TASK GOAL:
Begin your copy at the line with "1 1/5 Carat" in the records below and end it at the line with "a bathroom with", restating each line word for word; omit the pictures.

TASK DATA:
■ ■ ■ ■

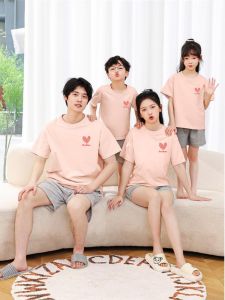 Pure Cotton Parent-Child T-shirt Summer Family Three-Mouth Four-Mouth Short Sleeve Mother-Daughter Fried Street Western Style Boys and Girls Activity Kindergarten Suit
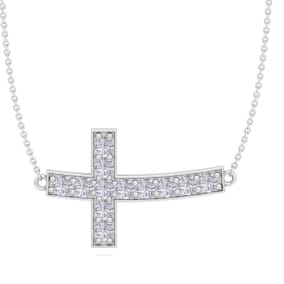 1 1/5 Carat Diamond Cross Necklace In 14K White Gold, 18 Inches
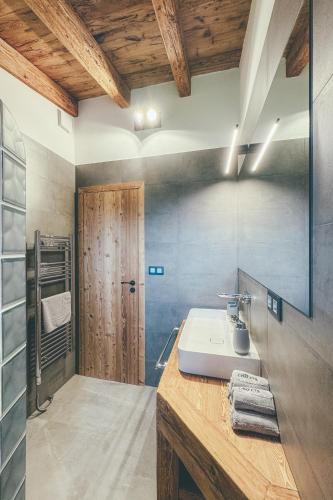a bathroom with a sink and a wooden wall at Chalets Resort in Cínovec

■ ■ ■ ■

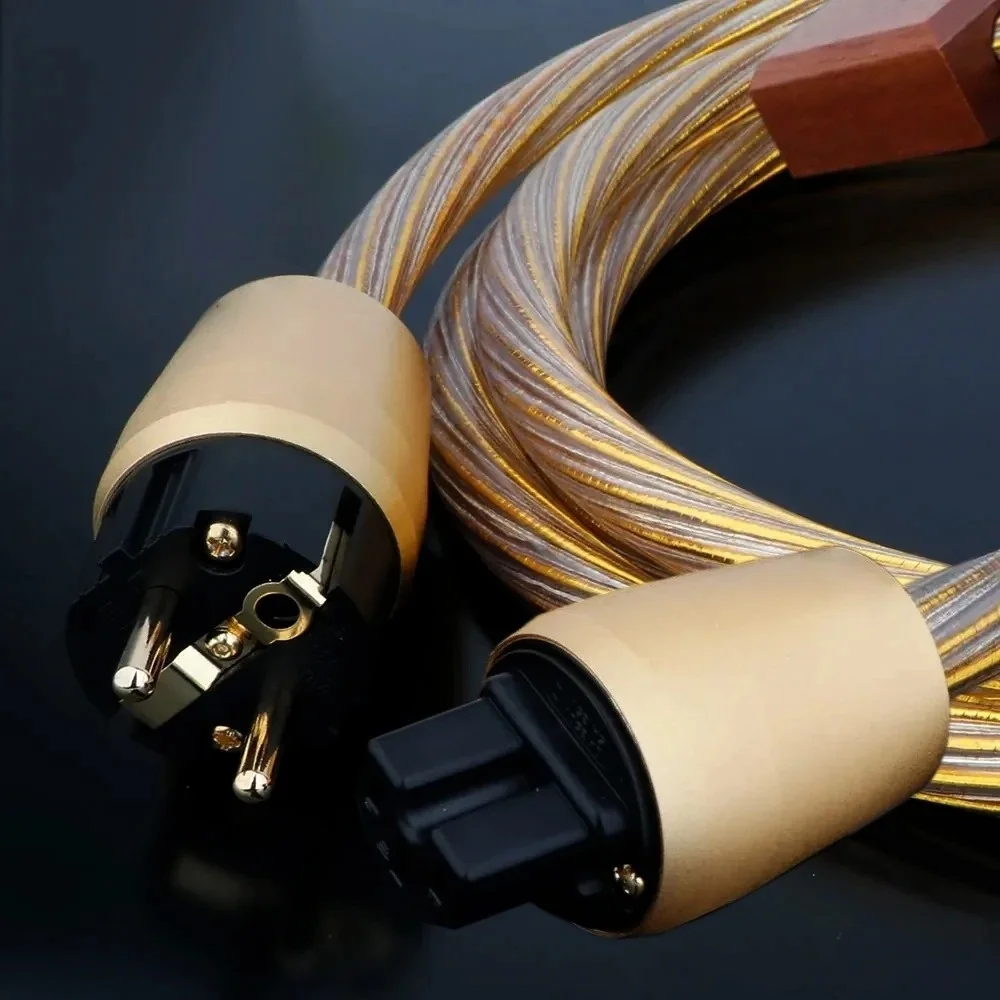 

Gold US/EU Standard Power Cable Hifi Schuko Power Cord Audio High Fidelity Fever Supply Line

■ ■ ■ ■

REPLY TO THE EXERCISE:
 1 1/5 Carat Diamond Cross Necklace In 14K White Gold, 18 Inches
a bathroom with a sink and a wooden wall at Chalets Resort in Cínovec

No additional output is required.